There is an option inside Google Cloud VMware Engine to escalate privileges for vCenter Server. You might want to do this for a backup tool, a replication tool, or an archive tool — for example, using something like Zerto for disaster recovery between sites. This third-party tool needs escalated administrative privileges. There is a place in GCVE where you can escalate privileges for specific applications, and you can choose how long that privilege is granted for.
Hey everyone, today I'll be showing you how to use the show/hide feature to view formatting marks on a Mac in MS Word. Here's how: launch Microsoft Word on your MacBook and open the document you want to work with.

|---|

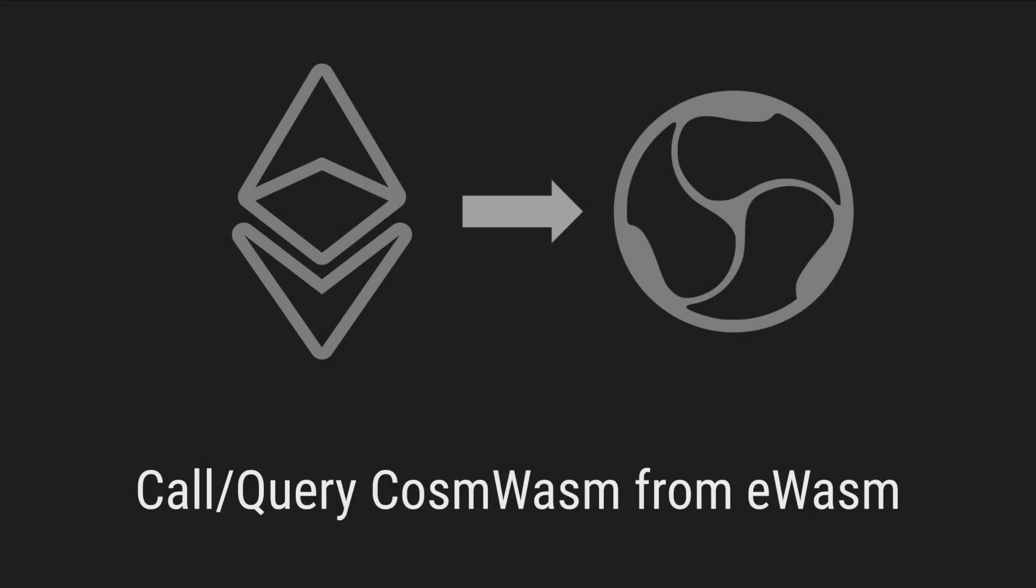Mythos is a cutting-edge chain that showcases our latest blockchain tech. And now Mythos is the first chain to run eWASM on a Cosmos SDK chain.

|---|

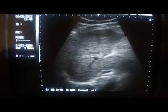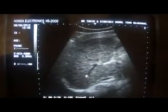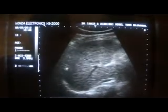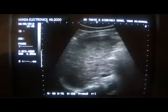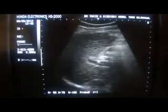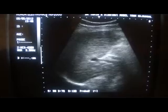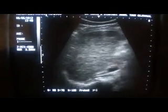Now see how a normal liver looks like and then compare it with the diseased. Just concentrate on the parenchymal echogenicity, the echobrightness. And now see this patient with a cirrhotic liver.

|---|

- **TASK GOAL**:
Return, with no change at all, every line in the entries above from the line containing "There is an" through the line containing "Hey everyone, today".

- **COMPLETED TASK**:
There is an option inside Google Cloud VMware Engine to escalate privileges for vCenter Server. You might want to do this for a backup tool, a replication tool, or an archive tool — for example, using something like Zerto for disaster recovery between sites. This third-party tool needs escalated administrative privileges. There is a place in GCVE where you can escalate privileges for specific applications, and you can choose how long that privilege is granted for.
Hey everyone, today I'll be showing you how to use the show/hide feature to view formatting marks on a Mac in MS Word. Here's how: launch Microsoft Word on your MacBook and open the document you want to work with.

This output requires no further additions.